(Dataset excerpt)
⟨

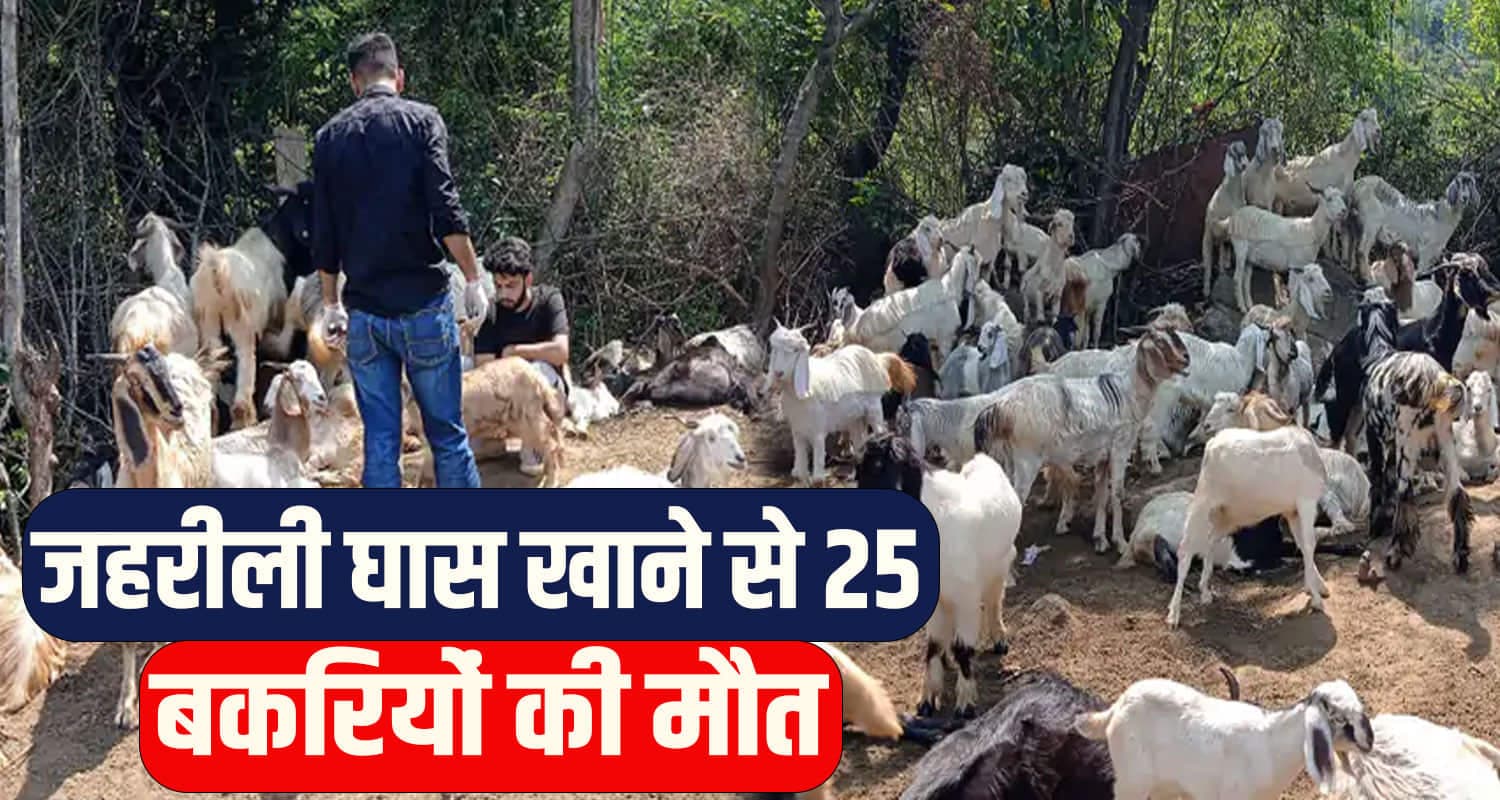 हिमाचल: बकरियों को चारा देने गया था भेड़पालक, अंदर का नजारा देख उड़ गए होश Mandi News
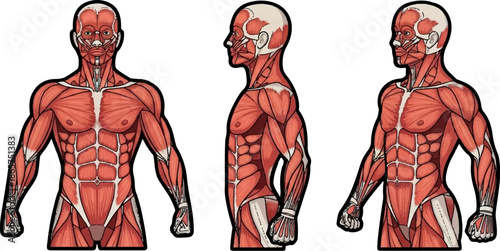 Anatomical study displays muscular system in three-quarter, profile, and front views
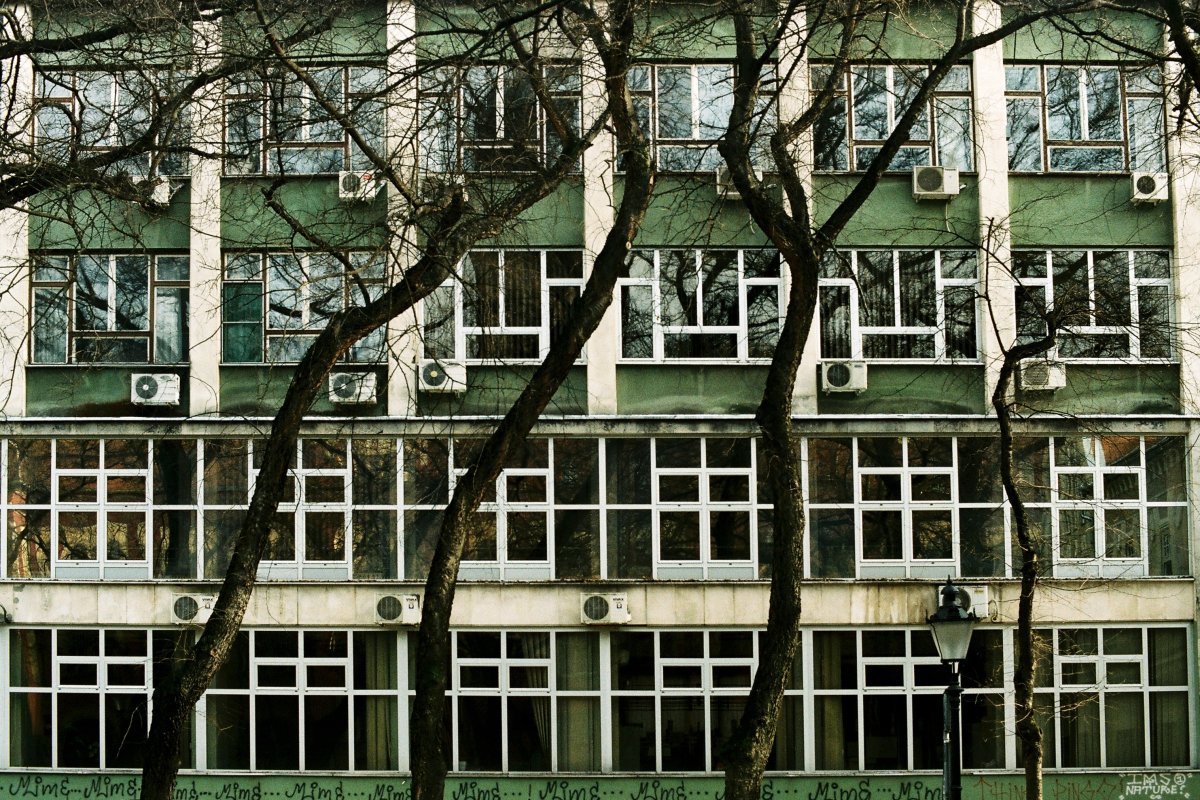 foto: Marko Miletić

⟩

(Task statement) Reproduce the material word for word, minus the images.

(Result of this exercise)
 हिमाचल: बकरियों को चारा देने गया था भेड़पालक, अंदर का नजारा देख उड़ गए होश Mandi News
 Anatomical study displays muscular system in three-quarter, profile, and front views
 foto: Marko Miletić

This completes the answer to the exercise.